The flag at that barrel was so wind blown that the rods needed straightening out. After doing so, the group had its Iwo Jima moment.
The next stop was the Bishop Carcaño barrel which turned out had enough algae growth that it needed to be drained and switched out with a fresh barrel from the truck.
Shortly after filling the new barrel with fresh water from the truck, things took a strange turn. As the students were mostly in the buses someone noticed a guy in the bushes, partway down the wash, waving at us.
At first, thinking he was a desperate thirsty and hungry migrant, we gave him water bottles and bags of food items. Then Nora, one of the chaperones and also a linguist, voiced her concern that something was way off with his mix of dialogues with no discernible accents.
In Kirk’s words: Today we had the weirdest experience I have ever had volunteering with Humane Borders. A vigilante, posing as a hurt and desperate migrant from Kazakhstan, hid in the brush below a water station we were servicing. He feigned hunger and thirst, drinking profusely from our water barrel. But it didn’t add up. We tried to leave but he blocked the bus carrying 15 students from a school in Denver. He was trying to film us but we left. He came back and started draining our barrel We sent the high school students and their teachers back to Tucson and we went back and found his vehicle parked about 1/4 mile away. It was full of camo gear, crutches, and the clothes he had changed out of to pose as a migrant. By this time, he emerged from the brush without his disguise and started running toward us with is camera phone. We left before he could reach us, but reported his vandalism to the Pima County sheriff department. The photos of his vehicle and license plate was key. He has a record. These are the lengths to which crazy vigilantes are going to try and ensnare humanitarians.
His van, just up the road, had Massachusetts plates and, as Kirk said above, the sheriff department already knew about the guy. As he was striding up the wash walking normally and dressed in ‘civilian’ clothes, he was filming himself and us while yelling something unintelligible…that’s when we took off.
Some guy from the New England area coming down to the Arizona border to sabotage water barrels…think it has anything to do with *rump, Faux News, Rush Limbaugh, Sean Hannity, Ronald Reagan, right-wing media, etc? You be the judge.
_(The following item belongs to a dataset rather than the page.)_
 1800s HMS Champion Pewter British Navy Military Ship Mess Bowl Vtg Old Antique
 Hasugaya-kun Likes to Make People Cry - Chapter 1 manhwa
After our hearts stopped racing, the three of us continued on to check two more barrels and have a lunch at La Gitana in Arivaca. More on visiting the Arivaca Humanitarian Aid Office later…
And now…
Good on you, Gary!
Some years back I was out with the Samaritans and we headed towards a water stop. There sat 2 pick ups with vigilantes sitting on lawn chairs swilling beers and with rifles next to them. Out in the middle of the frickin’ desert waiting for thirsty and scared people to show up. You can’t make this shit up!